**Work task**
After locating the line with "Sterling Silver Beer" in the entries below, output it and each following line up to and including the line with "Luster na sajli", exactly and without pictures.

[Start of section]

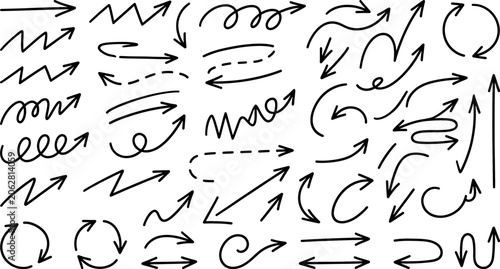 Set of handdrawn arrows isolated on white background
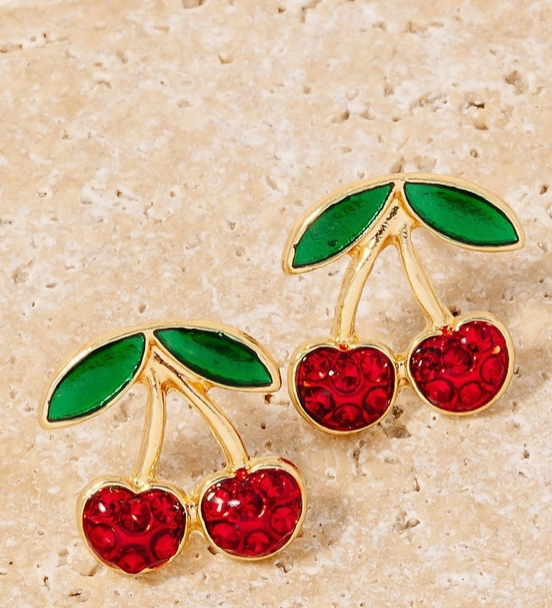 Cherry Rhinestone Stud Earrings image 0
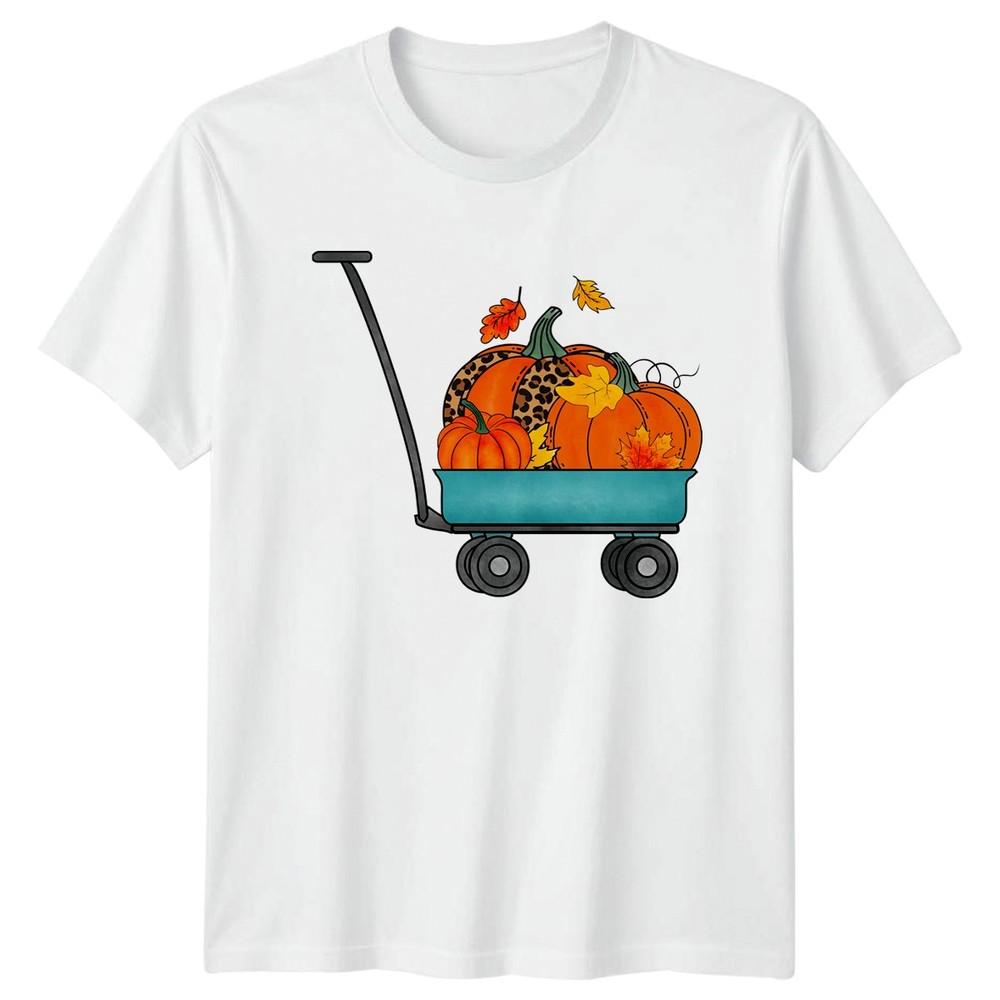 Autumn Pumpkin Wagon Leopard Print Fall Unisexs TShirt Harvest Thanksgiving S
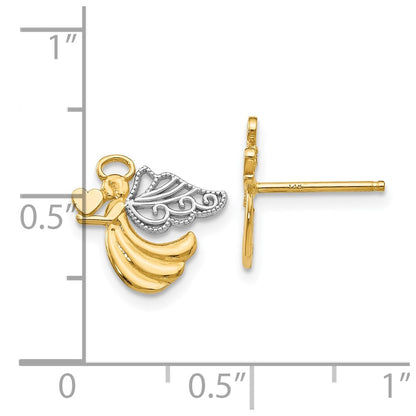 10K Yellow W/Rhodium 10K & Rhodium Angel With Heart Post Earrings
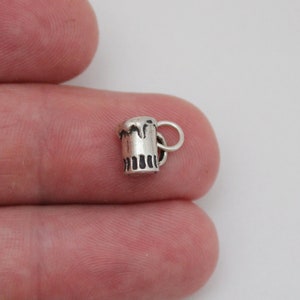 Sterling Silver Beer Mug Charm, Sterling Silver Cheers Beer Mug Charm, Silver Beer Mug Charm, Silver Beer Charm, Beer Pendant, Beer Charm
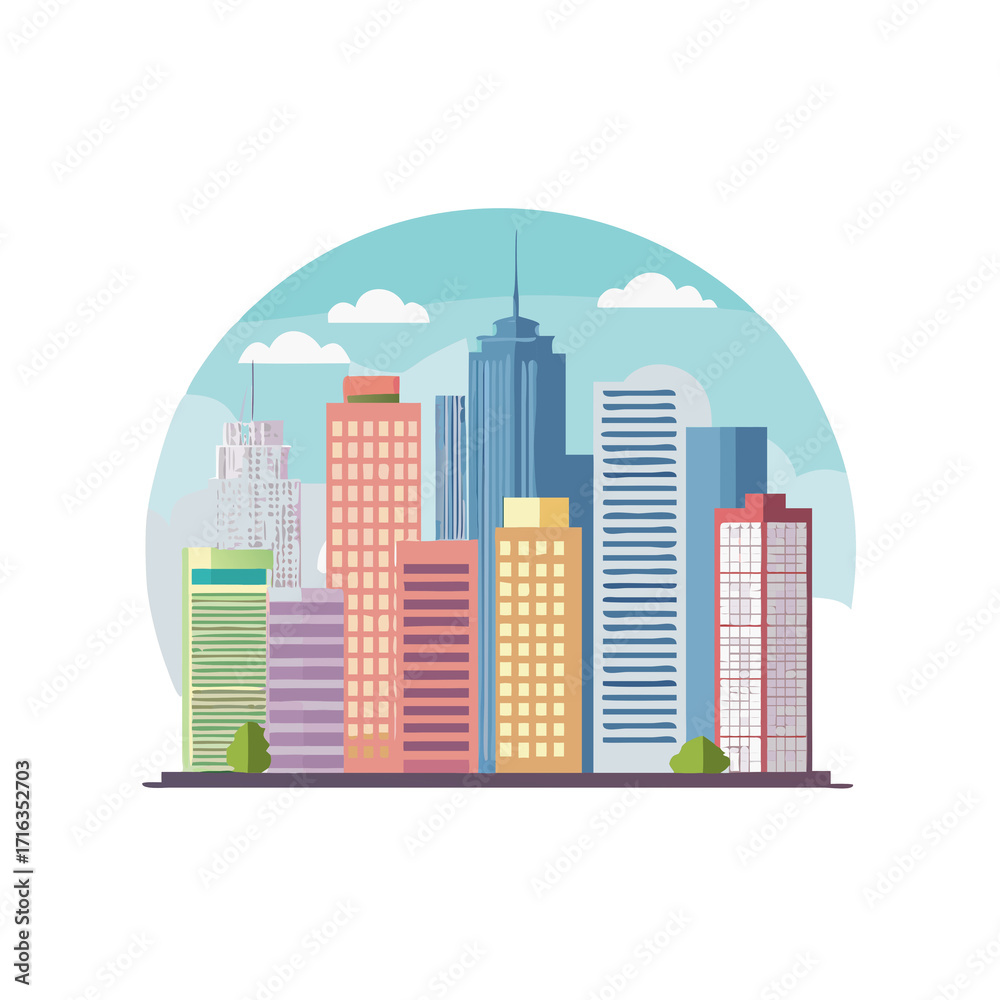 Fototapeta premium city buildings vector illustration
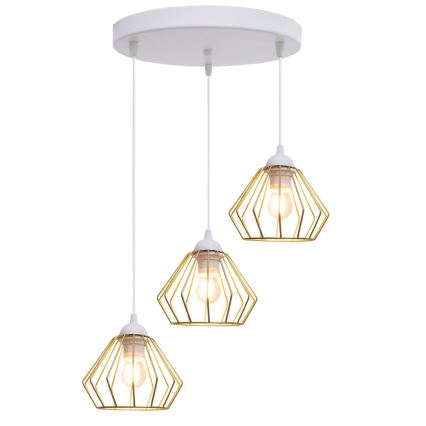 Luster na sajli CEED GOLD 3xE27/60W/230V pr. 45 cm bijela/zlatna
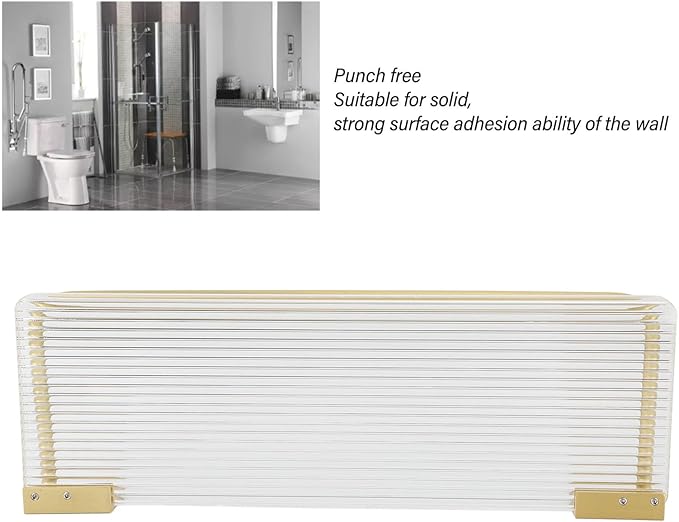 Floating Bathroom Shelves Wall Mounted, Modern Bathroom Organizer with Metal Rail for Decor, Bathroom Organizers and Storage, Over Toilet Shelves for Toilet Paper (Gold)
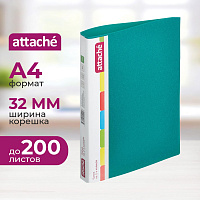 Папка на 2-х кольцах Attache 32 мм зеленая до 200 листов фото Папка на 2-х кольцах Attache 32 мм зеленая до 200 листов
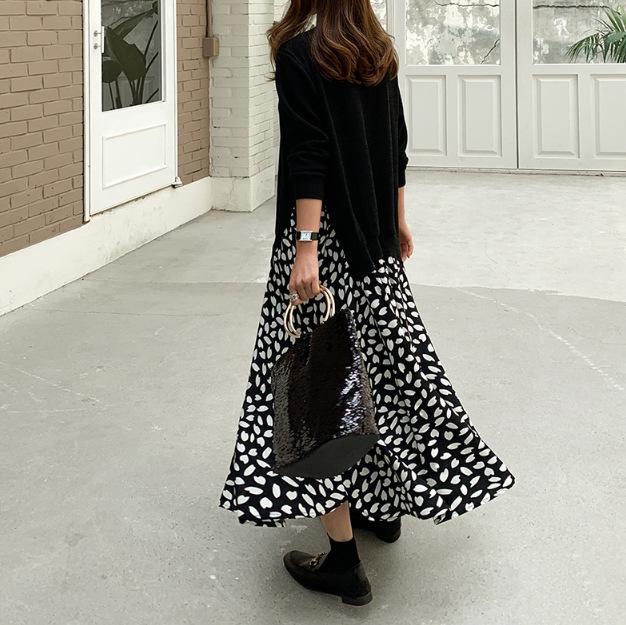 Платье макси с длинными рукавами и принтом в складку 2023 года с имитацией двух частей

[End of section]

**Written reply**
 Sterling Silver Beer Mug Charm, Sterling Silver Cheers Beer Mug Charm, Silver Beer Mug Charm, Silver Beer Charm, Beer Pendant, Beer Charm
 Fototapeta premium city buildings vector illustration
 Luster na sajli CEED GOLD 3xE27/60W/230V pr. 45 cm bijela/zlatna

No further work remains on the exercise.